The Honor Committee is the closest thing we have to a real government. The student body, by reaffirming the Honor Code before every exam, and not exercising its right to amend the Honor Committee constitution, gives legitimacy to the rules under which we all operate. The Honor Committee interprets and executes those rules, and imposes binding punishments on students who are convicted (subject to appeal to the Dean of the College). In that sense, it has more power than the more visible USG Senate, whose main source of power is its ability to dole out money and advocate on behalf of students. It is remarkable that we know so little about how the rules we the student body sanction work in practice.

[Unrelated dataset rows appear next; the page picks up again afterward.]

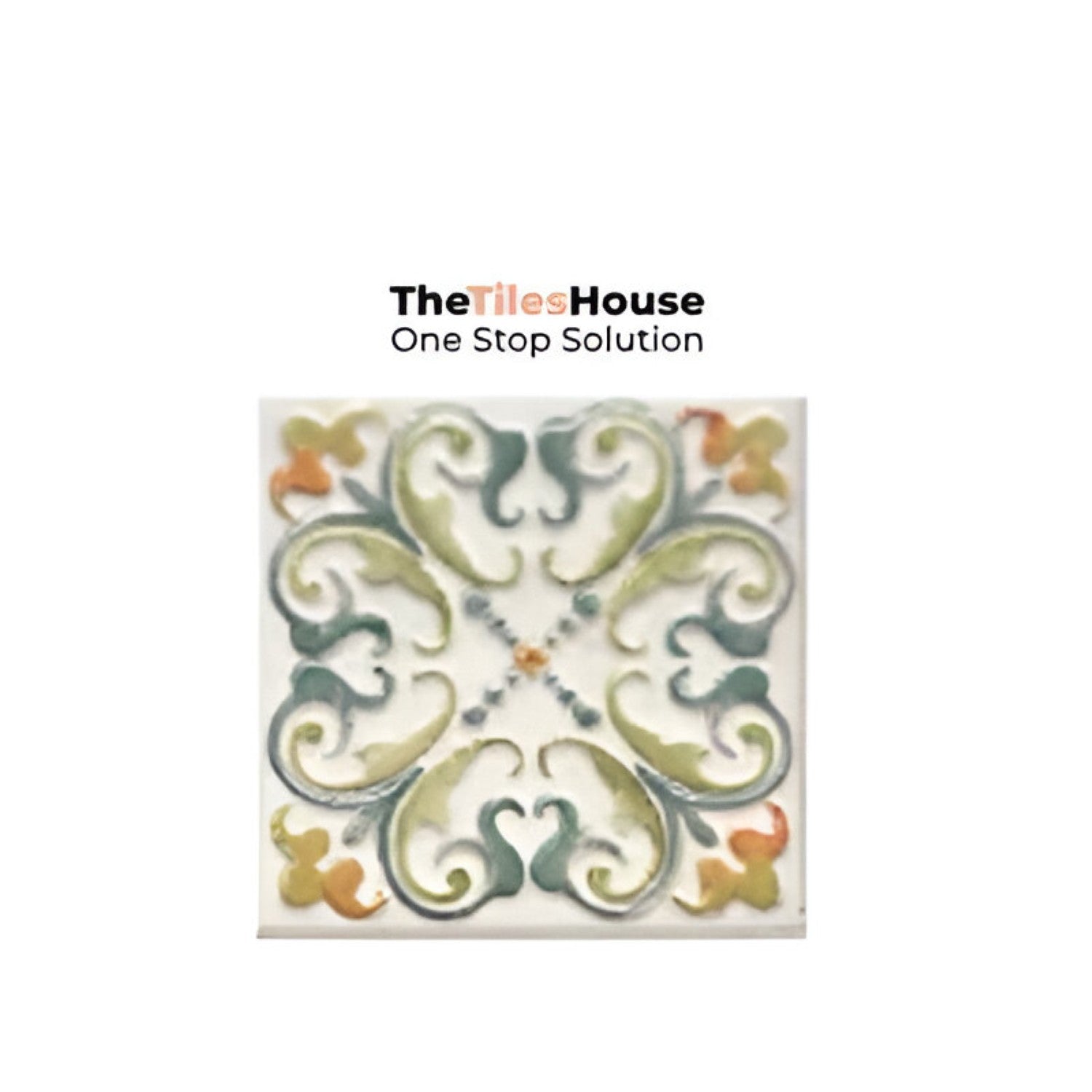 Catanzaro Decor Ceramic Tile 6x6 inch with intricate decorative patterns, smooth matte finish, and versatile design, perfect for accent walls, backsplashes, or detailed flooring applications
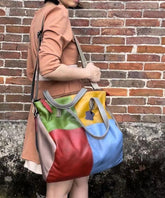 Retro Cowhide Patchwork Handheld Crossbody Bag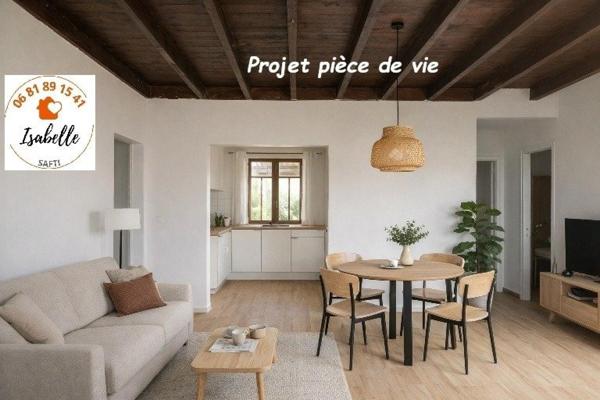 Maison de 75 m² de plain-pied individuelle, 2 chambres, vue sur les Pyrénées, avec très beau terrain 5146 m².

If you think you would not file a report even if you witnessed a violation because the system is overly draconian, arbitrary, or not transparent enough, consider this: by sitting back and doing nothing about the current Honor system, you create for witnesses like me obligations you have, in fact, no interest in holding us to. “It is a common understanding among Princeton students that, where the honor system is concerned, an individual’s obligation to the undergraduate student body as a whole transcends any reluctance to report another student,” says the Rights, Rules, and Responsibilities booklet. If the Honor Code is no longer something that we the student body believe in and are willing to uphold, we should change it. Otherwise, students like myself will continue, rightly or wrongly, to file reports to the committee—-in your name.
Ed. note: Due to the author's continuing involvement in the proceedings, he or she has chosen to remain anonymous.